Faith Reels: ‘The Birth of a Nation’ … our dark past

by Bonnie Anderson and Dan Webster


Nate Parker, director, star and co-writer of this new film has been in the news. The film has been affected by the controversy surrounding Parker and a colleague who were accused and tried for the 1999 rape of a college student at Penn State. Consequently, there have been calls for a boycott of the film. Some critics have refused to review the film, but we are reviewing it because we believe it’s an important film. Having said that, although this film is artfully done, it is still difficult to watch. Current events in our country are poignant reminders of the seeds of racism deeply sown into our national ethos. The film painfully shows an important part of American history.

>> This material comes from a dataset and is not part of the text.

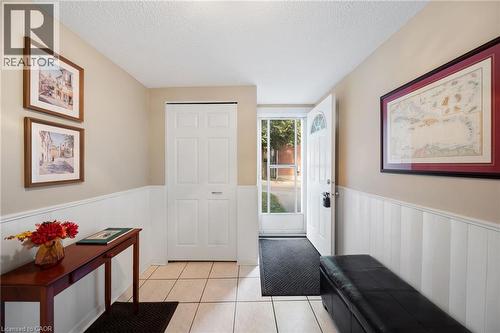 4 Patrice Court, Dundas, ON - Indoor Photo Showing Other Room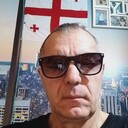 ���������� ������, ���� ������� ������, 48 ���, ������������ ��� ������, ����� � ���������, ���������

Parker presents the realities of the life of a slave. The racial violence is horrifyingly brutal. Yet Nat, who is literate and believes himself to be prophetic, earns money for his master by preaching tolerance and obedience to slaves on other plantations. Nat believes he is called by God and is assured of his “special qualities” by family members throughout the film. Nat’s father tells his young son, “You’re a child of God. You got purpose. It’s in ya. The Lord put it there and there ain’t nobody can take it away.” That drives Nat to be a man of integrity and courage even as he is owned by another human being.


A compassionate man, who endured a life of slavery that caused him to witness and be the object of atrocities inflicted on him and other slaves eventually enlisted other slaves to join him in the 1831 slave rebellion in the region of Southampton County, VA, that resulted in the murder of white people including the Benjamin Turner family, who “owned” Nat, and his wife Cherry.

Nat was eventually caught, beaten and hanged. His view of angels as he takes his last breath hints at his possible mystical or prophetic calling.


Thirty years after the slave rebellion, at the time of the Civil War, The Atlantic published a detailed account of Nat Turner’s slave rebellion. You can read it here:


Several times during this film we heard James Weldon Johnson’s words in the hymn, “Lift every voice and sing.”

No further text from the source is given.